Las diferencias tienen, sin duda, poderosos motivos históricos, desde los tiempos de Artigas hasta los de los cortes de puentes, pero parece que tampoco terminamos de captar en profundidad su significado. La construcción de una identidad implica, centralmente, postular lo que no somos, y es frecuente que olvidemos cómo eso convierte a la existencia del otro en requisito y explicación de la nuestra. En gran medida, nuestra autopercepción como uruguayos se apoya en afirmar que no somos argentinos. Aprendemos, desde la escuela, un relato que ignora, tergiversa o no se atreve a interpretar hechos muy relevantes, que acotan o matizan esa sentencia. Así adquieren su sentido y sus limitaciones, aquí, expresiones como las del presidente del Frente Amplio, Javier Miranda, cuando a modo de autocrítica oficialista dijo “estamos cada vez más peronistas” (¿será que no hay absolutamente nada positivo en ninguna variante del peronismo?, ¿estamos dispuestos a considerar, entre las causas de ese presunto cambio para peor, el empobrecimiento ideológico de la izquierda uruguaya, y a hacer algo al respecto?).

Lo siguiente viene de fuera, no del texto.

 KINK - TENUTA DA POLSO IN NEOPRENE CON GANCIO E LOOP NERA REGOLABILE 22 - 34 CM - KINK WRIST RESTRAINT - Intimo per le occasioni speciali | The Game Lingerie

En todo caso, nos complace opinar que aquí no podrían pasar, como allá, algunas cosas chocantes para nuestra sensibilidad, como si nos hubiéramos quedado con todo cuando se repartieron la sensatez y el decoro. En el ficticio inventario de nuestras virtudes pasamos por alto lo que creemos algunos detalles: si el bochornoso episodio que involucró en estos días a Michelle Suárez hubiese ocurrido en Argentina, probablemente lo veríamos como una confirmación de nuestra presuntamente mayor “seriedad” política.

En materia de reformas de la seguridad social, no sólo allá se ha echado mano, desde el Estado, de los recursos previstos para futuras jubilaciones y pensiones; aquí han impulsado ese tipo de medidas tanto “neoliberales” como “progresistas”. No sólo allá hay quienes pretenden, cuando les conviene, atribuir a la movilización social un valor esencialmente superior al de las instituciones republicanas, ni sólo allá se despliega poder represivo para ganar puntos ante sectores de la ciudadanía que se sienten –o a los que se ha influido para que se sientan– inseguros y avasallados por los “desbordes” en una sociedad fragmentada. Tampoco es sólo allá que se apela cada vez más, desde el oficialismo y la oposición, a una narrativa que niega veracidad a todo lo que dicen los adversarios, sin reparar en que la sumatoria de esas prácticas conduce a un “que se vayan todos” cuya consecuencia, varias veces verificada, es que permanezca la mayoría de los peores.

Sin ser iguales, somos menos distintos de lo que creemos. No estamos obligados a alinearnos con Mauricio Macri o con Cristina Fernández, ni tenemos certificado de vacuna contra lo más dañino de uno y otra. Negarnos al esfuerzo de reconocerlo implica, peligrosamente, no ver cuánto podemos aprender de los aciertos y errores “ajenos”.